Cum hora diei decima fere ad Saxa rubra venisset, delituit in quadam cauponula atque ibi se occultans perpotavit ad vesperam; inde cisio celeriter ad urbem advectus domum venit capite obvoluto.

Ianitor, 'Quis tu?' 'A Marco tabellarius.'

Confestim ad eam cuius causa venerat, eique epistulam tradidit.

Quam cum illa legeret flens--erat enim scripta amatorie; caput autem litterarum sibi cum illa mima posthac nihil futurum;

omnem se amorem abiecisse illim atque in hanc transfudisse-- cum mulier fleret uberius, homo misericors ferre non potuit, caput aperuit, in collum invasit.

O hominem nequam! Quid enim aliud dicam? magis proprie nihil possum dicere.

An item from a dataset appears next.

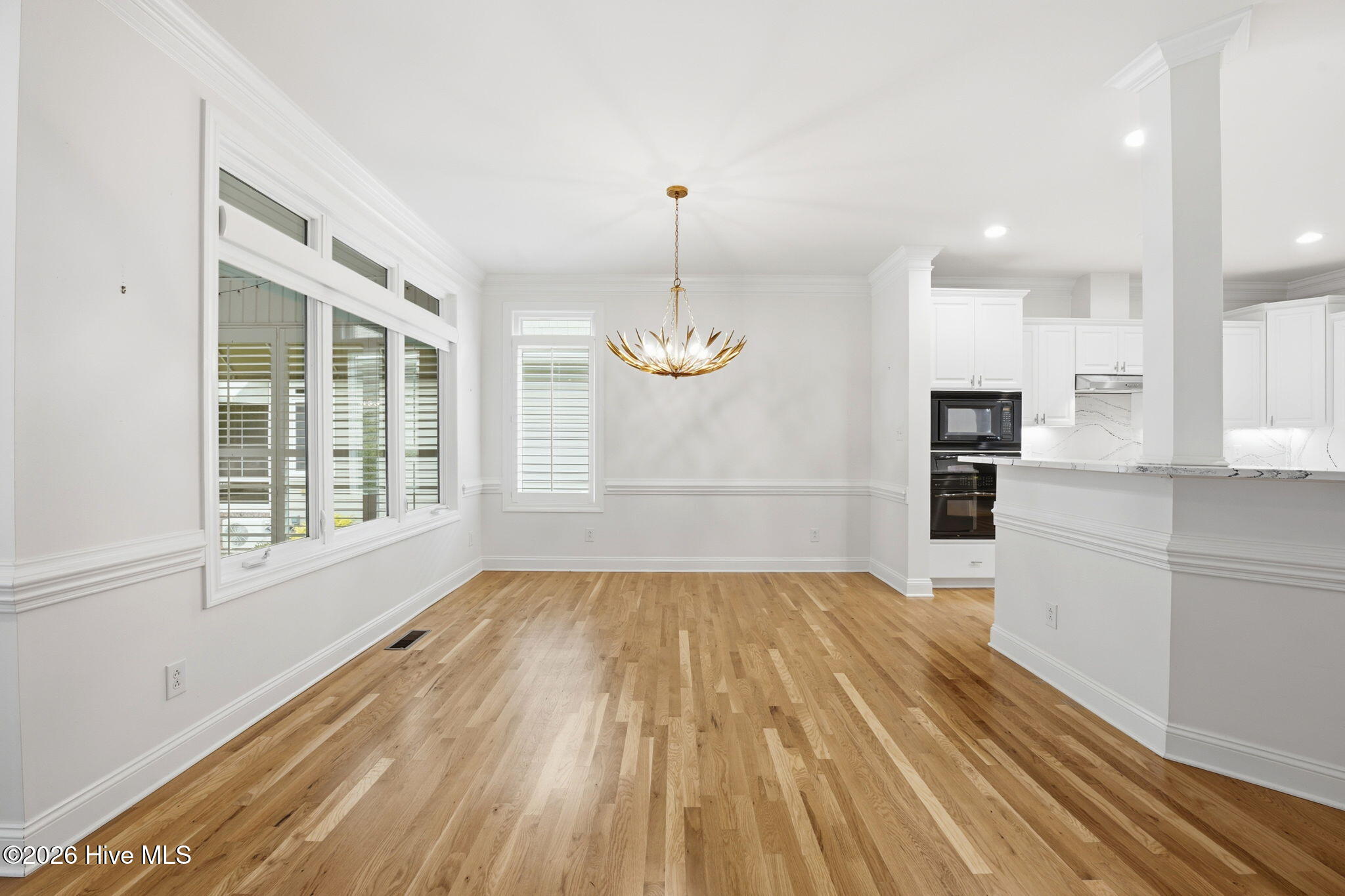 2113 Hidden Harbor Drive,New Bern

Ergo, ut te catamitum, nec opinato cum te ostendisses, praeter spem mulier adspiceret, idcirco urbem terrore nocturno, Italiam multorum dierum metu perturbasti?

Philippica II. 95

Here Cicero substantiates his claim that the business of the Republic is carried out illegally in Antony's home. In April, 44 BCE, a decree, forged in Caesar’s hand, was sold to the agents of King Deiotarus of Galatia, returning to him the territory Caesar had taken from him in 47 BCE. Cicero doesn't blame the king's agents, but uses the episode to reveal Fulvia's role as power broker (attested to in Cicero, Atticus 14.12.1), reducing it to the sale of sexual favors by a Greek prostitute in her private quarters (gynaecio).

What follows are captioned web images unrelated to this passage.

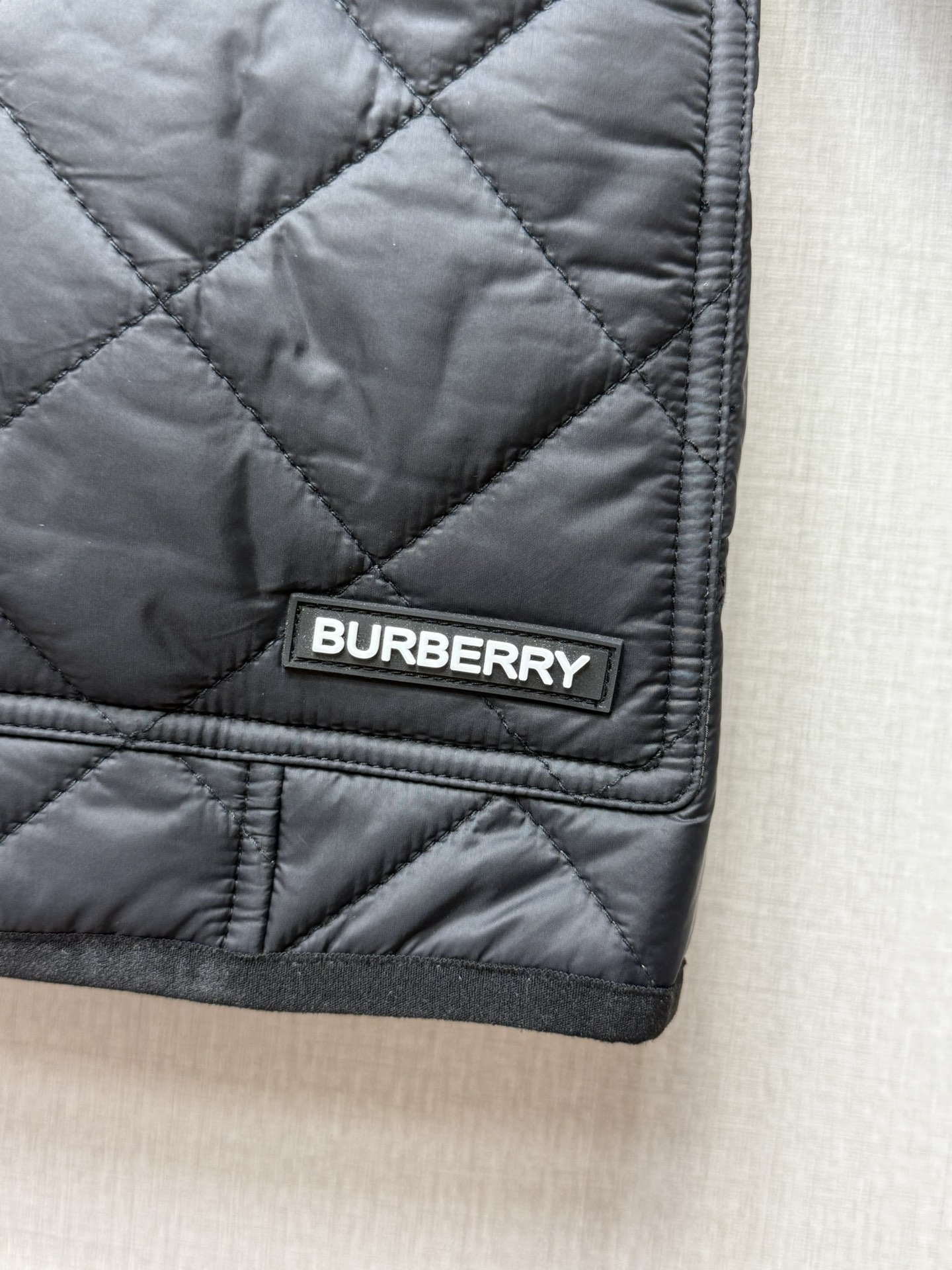 6b7e29dbcabc51263f2d8135c2ec7de2_1761812329_5685.jpg 6b7e29dbcabc51263f2d8135c2ec7de2_1761812329_5685.jpg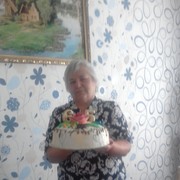  ,   , 70 ,   ,   , c 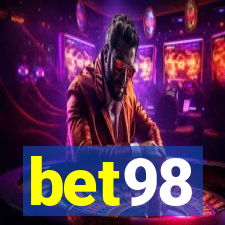 bet98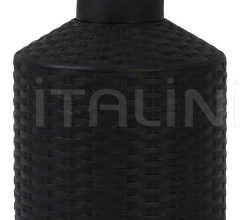 Ваза WICK 5964612 Ваза WICK 5964612 фабрика Light & Living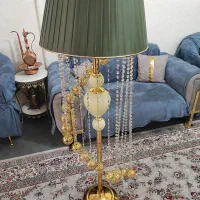 آباژور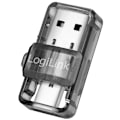 Pikkukuva 2 / 7: LogiLink USB-/USB-C-adapter Bluetooth 5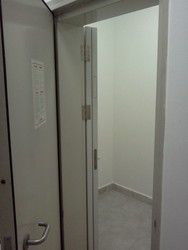 Rosewood (D25), Condominium #162021482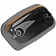 Dorman (OE Solutions) Roof Marker Light - 923-102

Syngrapha sestertii centiens per legatos, viros bonos, sed timidos et imperitos,

sine nostra, sine reliquorum hospitum regis sententia facta in gynaecio est, quo in loco plurimae res venierunt et veneunt.

Philippica II. 113

Again addressing Antony late in his speech, Cicero argues that better and more appropriate leaders stand ready to lead the Republic, darkly hinting that Antony's least greedy wife, of whom he ironically claims to speak no criticism, may owe Rome the payment of a third dead husband.

Eripiet et extorquebit tibi ista populus Romanus, utinam salvis nobis!

Sed quoquo modo nobiscum egeris, dum istis consiliis uteris, non potes, mihi crede, esse diuturnus.

Etenim ista tua minime avara coniunx, quam ego sine contumelia describo, nimium diu debet populo Romano tertiam pensionem.